Saat dihubungi di Purwokerto, Kabupaten Banyumas, Jawa Tengah, Senin, Sabiq mengaku sependapat dengan pernyataan Ketua Komisi Pemilihan Umum Republik Indonesia (KPU RI) Hasyim Asy'ari yang menyebutkan bahwa peserta pemilu boleh berkampanye di kampus namun dengan beberapa catatan yang harus dipenuhi.
"Memang seharusnya begitu. Kampus adalah tempat yang tepat untuk penyelenggaraan kampanye, tentu dalam nuansa akademis," kata pengampu mata kuliah Teori Partai Politik dan Sistem Pemilu itu.
Dengan demikian, kata dia, partai politik peserta pemilu termasuk para kandidat presiden dapat menguji, mempertajam visi-misi, dan programnya melalui diskusi maupun berdebat dengan kalangan civitas academica.
"Makanya debat presiden di Amerika Serikat selalu dimulai di kampus," kata Sabiq.
Selain harus memenuhi ketentuan-ketentuan dalam perundang-undangan, kata dia, ada sejumlah hal yang harus betul-betul dijaga oleh kampus dalam penyelenggaraan kampanye.

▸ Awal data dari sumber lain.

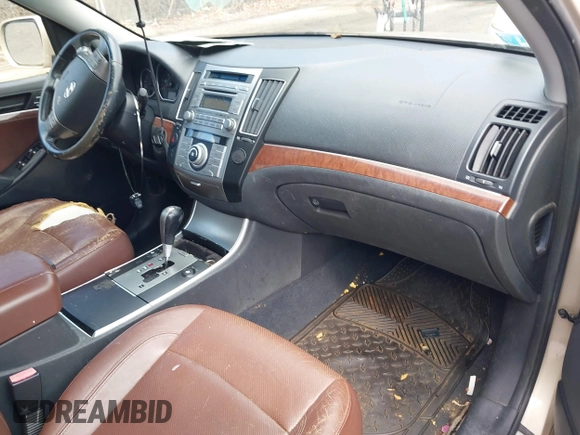 2008 Hyundai Veracruz GLS z VIN KM8NU73C68U050488, wystawiony jako IAAI lot #41974840 z przebiegiem 255 446 mil mil oraz . Historia ofert i sprzedaży dostępna na DreamBid. Obrazek 5.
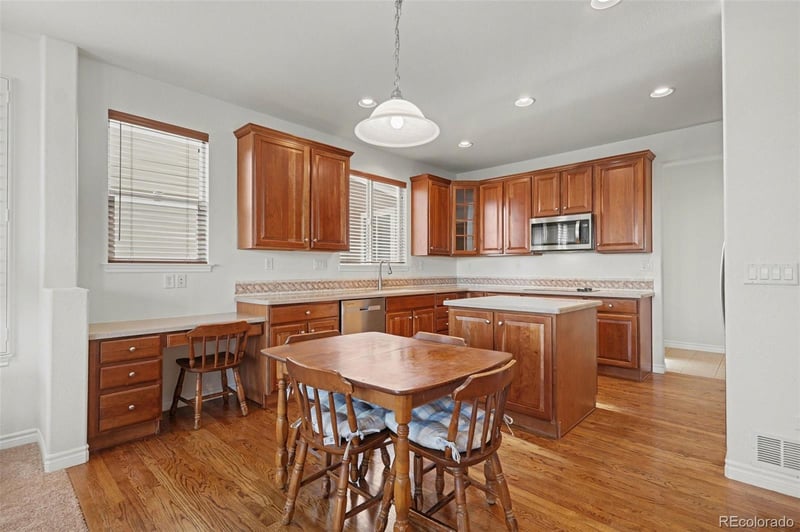 10844 Huntwick St, Highlands Ranch, CO 80130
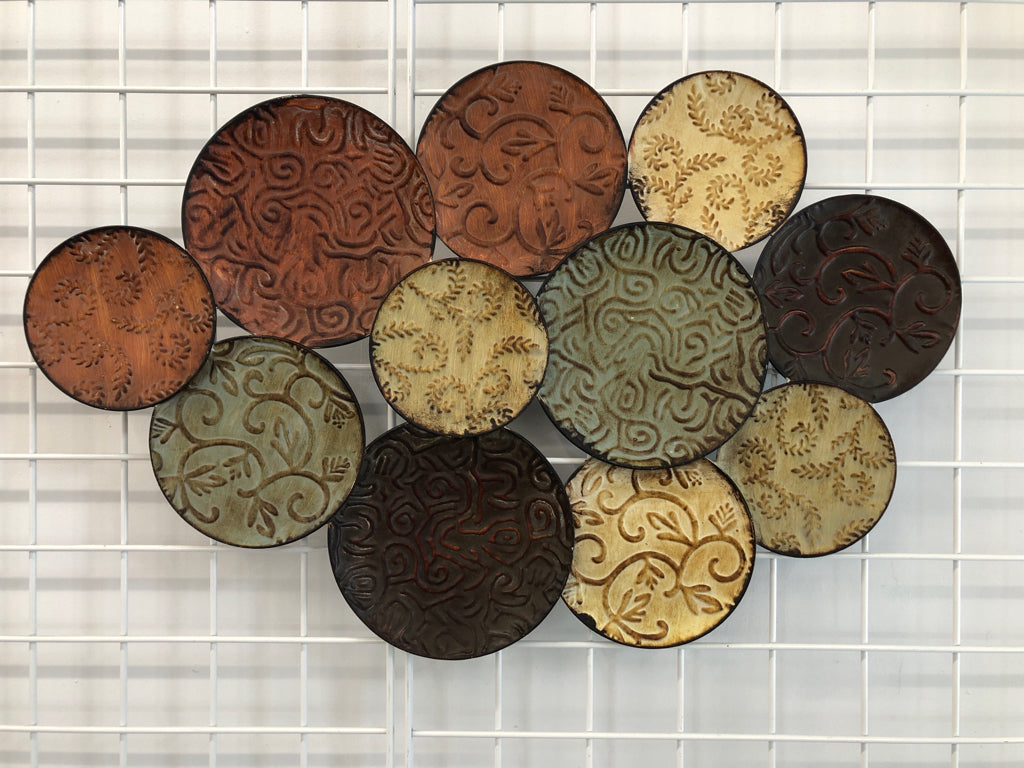 COLORFUL METAL CIRCLE WALL-HANGING.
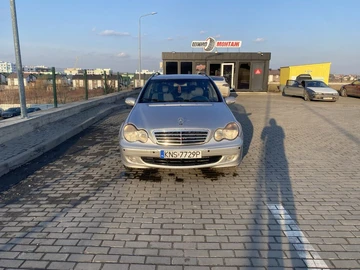 Авто Mercedes 220 2003 № 8536641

"Pertama, kampus jangan sampai partisan. Apalagi terlibat dalam politik praktis," katanya.
Selanjutnya yang kedua, kata dia, kampus harus menjunjung tinggi muruah akademisnya agar terpelihara independensi.
Sementara yang ketiga, ujar dia, kampus harus bersikap adil dengan tidak condong kepada salah satu partai dan calon atau bahkan menjadi tim suksesnya.

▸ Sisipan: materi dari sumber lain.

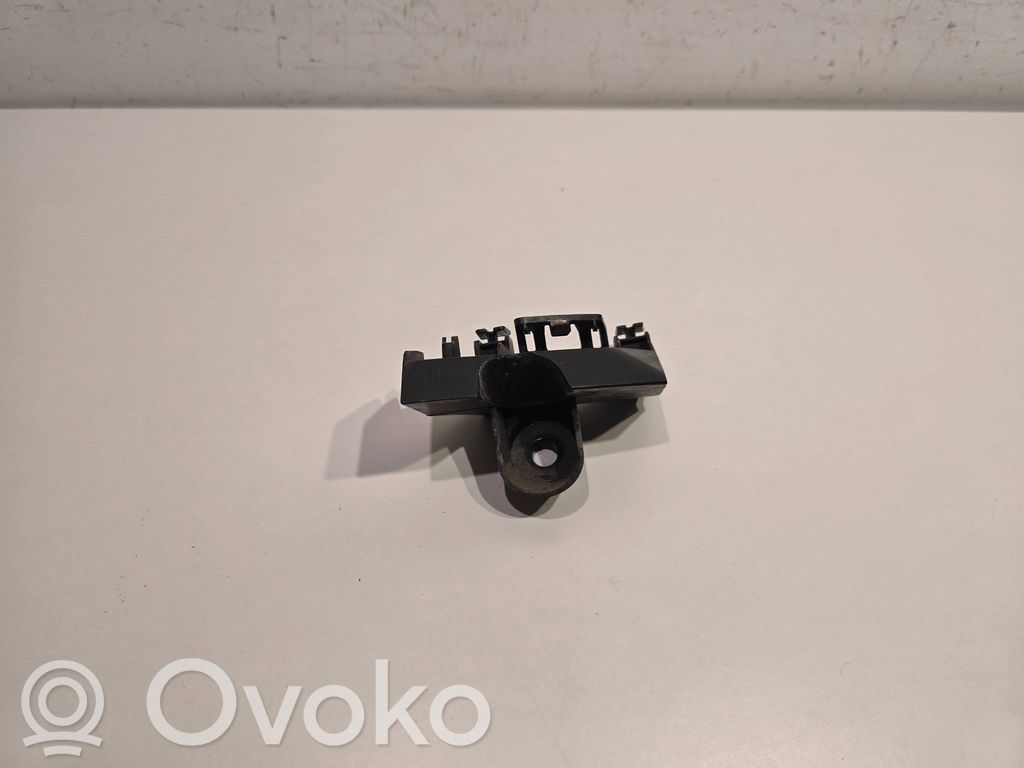Toyota Auris E180 Uchwyt / Mocowanie zderzaka tylnego 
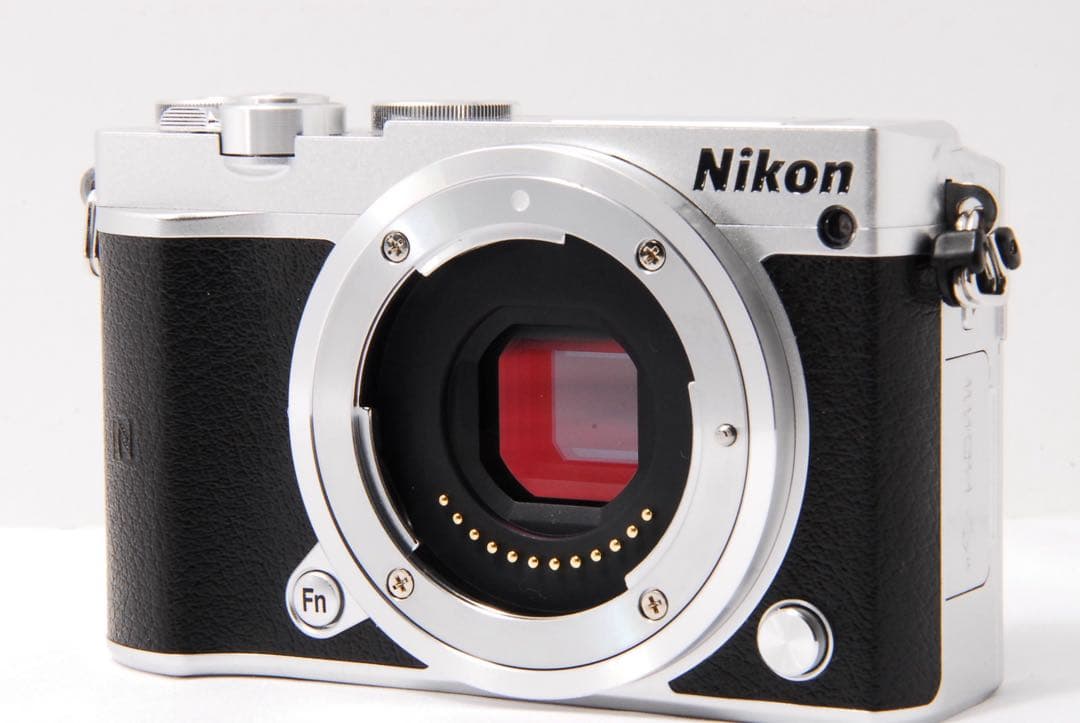 【美品】Nikon1 ニコン J5 標準レンズキット ミラーレス Wi-Fi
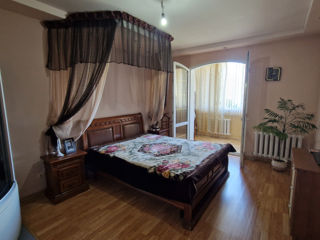 Apartament cu 4 camere, 202 m², Buiucani, Chișinău foto 16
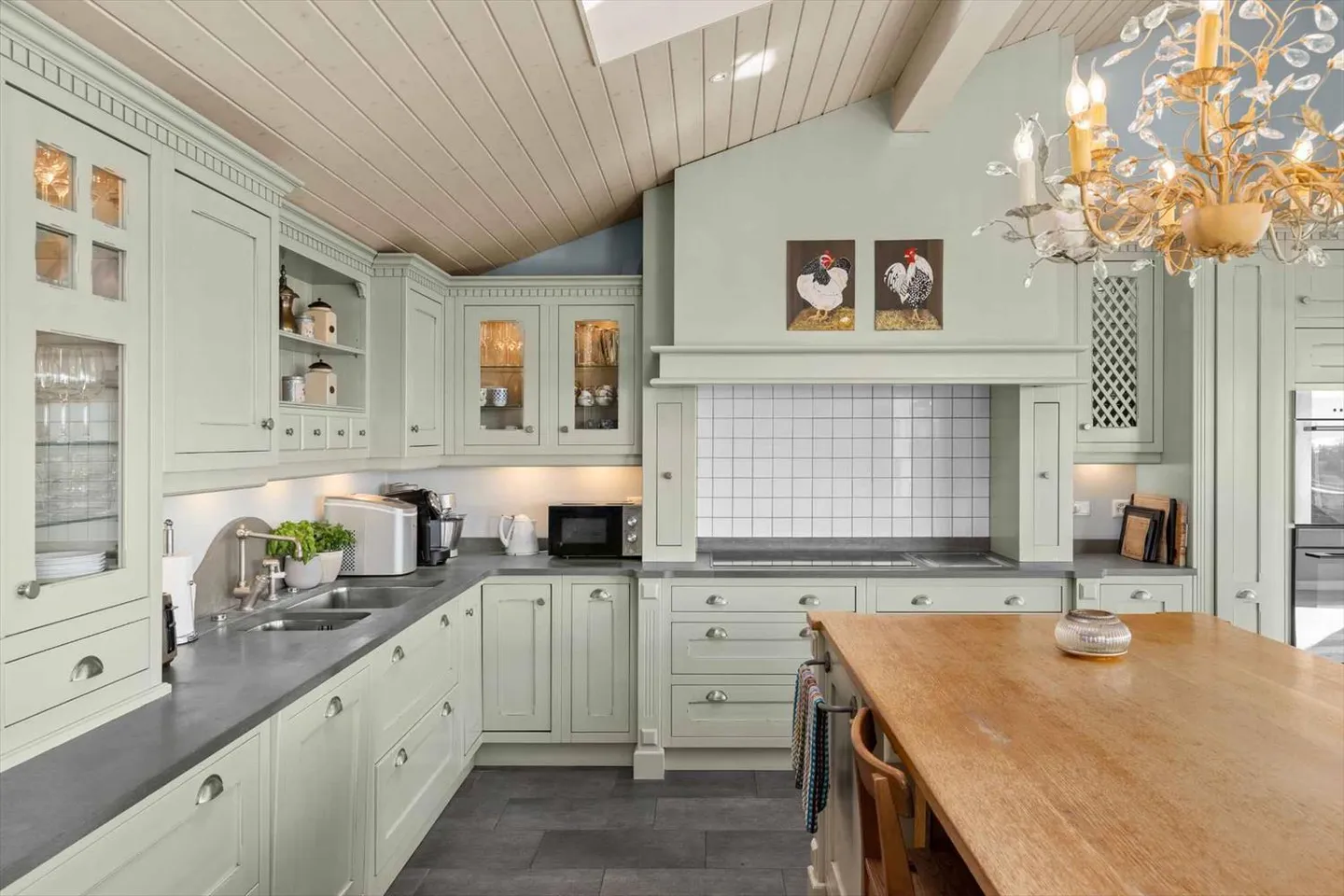 Individual villa with panoramic view of the lake and the Alps - Photo 11 of 13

Terkait dengan sikap adil, ia mengatakan hal itu dapat diwujudkan dengan memberi kesempatan yang sama kepada partai politik maupun para kandidat presiden untuk berkampanye di kampus.
"Yang penting sudah diberikan kesempatan sama, ada sikap adil dari kampus terhadap parpol atau calon presiden. Kalau kesempatan yang setara sudah diberikan, tetapi tidak diambil artinya parpol atau capresnya yang belum siap," kata Sabiq.